Dataset的常用函数
object DataSet {
//定义样例类
case class student(name:String,age:Integer,grade:String)
def main(args: Array[String]): Unit = {
val spark = SparkSession.builder().master("local").appName("ds").getOrCreate()
//定义隐式转换(否则会报错)
import spark.implicits._
//使用集合转Dataset
val ds1 = spark.sparkContext.parallelize( Seq(("zs",20,"13"),("ls",23,"15"))).map(x=>student(x._1,x._2,x._3)).toDS()
//显示表结构
ds1.printSchema()
/*root
|-- name: string (nullable = true)
|-- age: integer (nullable = true)
|-- grade: string (nullable = true)*/
//选择输出
println("____________________select_________________________")
//仅显示name列的数据
ds1.select("name").show()
/*
+----+
|name|
+----+
| zs|
| ls|
+----+*/
//仅显示name列的数据的第一条
ds1.select("name").show(1)
/*
+----+
|name|
+----+
| zs|
+----+*/
//过滤器
println("____________________filter/where_________________________")
//过滤出,age大于20的数据信息
ds1.filter("age>20").show()
/*
+----+---+-----+
|name|age|grade|
+----+---+-----+
| ls| 23| 15|
+----+---+-----+*/
//过滤出字段age小于20并且grade字段不为空的数据
//filter可以使用$符合来指定操作字段
ds1.filter($"age"<=20 && $"grade"!=null).show()
/*
+----+---+-----+
|name|age|grade|
+----+---+-----+
| zs| 20| 13|
+----+---+-----+
*/
//过滤age字段大于20,并且grade等于15的数据
//x为每行数据相当于一个对象
ds1.filter(x=>x.age>20 && x.grade.equals("15")).show()
/*
+----+---+-----+
|name|age|grade|
+----+---+-----+
| ls| 23| 15|
+----+---+-----+
*/
//等同于filter
ds1.where("age>20").show()
ds1.where($"age"<=20 && $"grade"!=null).show()
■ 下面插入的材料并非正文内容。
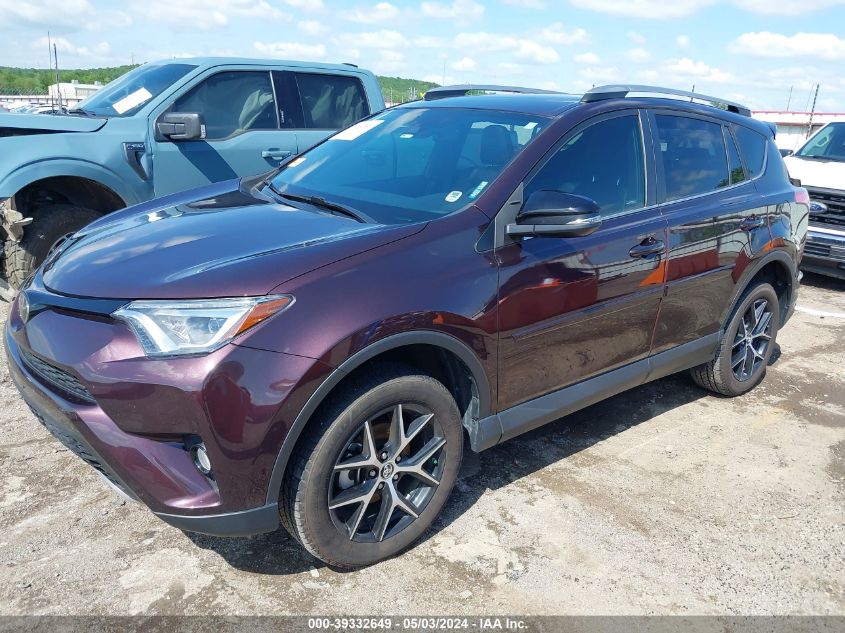 2T3NFRED9JW457688 2018 Toyota Rav4 Se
//这句是错的,where不能像filter一样可以按列操作
//ds1.where(x=>x.age>20 && x.grade.equals("15")).show()
//操作列名 属性
println("____________________withColumn_________________________")
//新增列,列名name1,数据与name一致
val dswc2 = ds1.withColumn("name1",ds1.col("name"))
dswc2.printSchema()
/* root
|-- name: string (nullable = true)
|-- age: integer (nullable = true)
|-- grade: string (nullable = true)
|-- name1: string (nullable = true)*/
//修改列名,将原来的name改为Name
val dswc3 = ds1.withColumn("Name",ds1.col("name"))
dswc3.printSchema()
/*root
|-- Name: string (nullable = true)
|-- age: integer (nullable = true)
|-- grade: string (nullable = true)*/
//新增列,列名Grade,将grade列的数据以int类型传至新列
val dswc4 = ds1.withColumn("Grade",ds1.col("grade").cast("int"))
dswc4.printSchema()
/*root
|-- name: string (nullable = true)
|-- age: integer (nullable = true)
|-- Grade: integer (nullable = true)*/
//修改grade列的数据类型为int
val dswc5 = ds1.withColumn("grade",ds1.col("grade").cast("int"))
dswc5.printSchema()
/*root
|-- name: string (nullable = true)
|-- age: integer (nullable = true)
|-- grade: integer (nullable = true)*/
//将age列的所有数据整体加5
val dswc6 = ds1.withColumn("age",ds1.col("age")+5)
dswc6.printSchema()
/*
root
|-- name: string (nullable = true)
|-- age: integer (nullable = true)
|-- grade: string (nullable = true)
*/
dswc6.show()
/*
+----+---+-----+
|name|age|grade|
+----+---+-----+
| zs| 25| 13|
| ls| 28| 15|
+----+---+-----+*/
//删除age列
val dswc7 = ds1.drop("age")
dswc7.printSchema()
/*root
|-- name: string (nullable = true)
|-- grade: string (nullable = true*/
}
}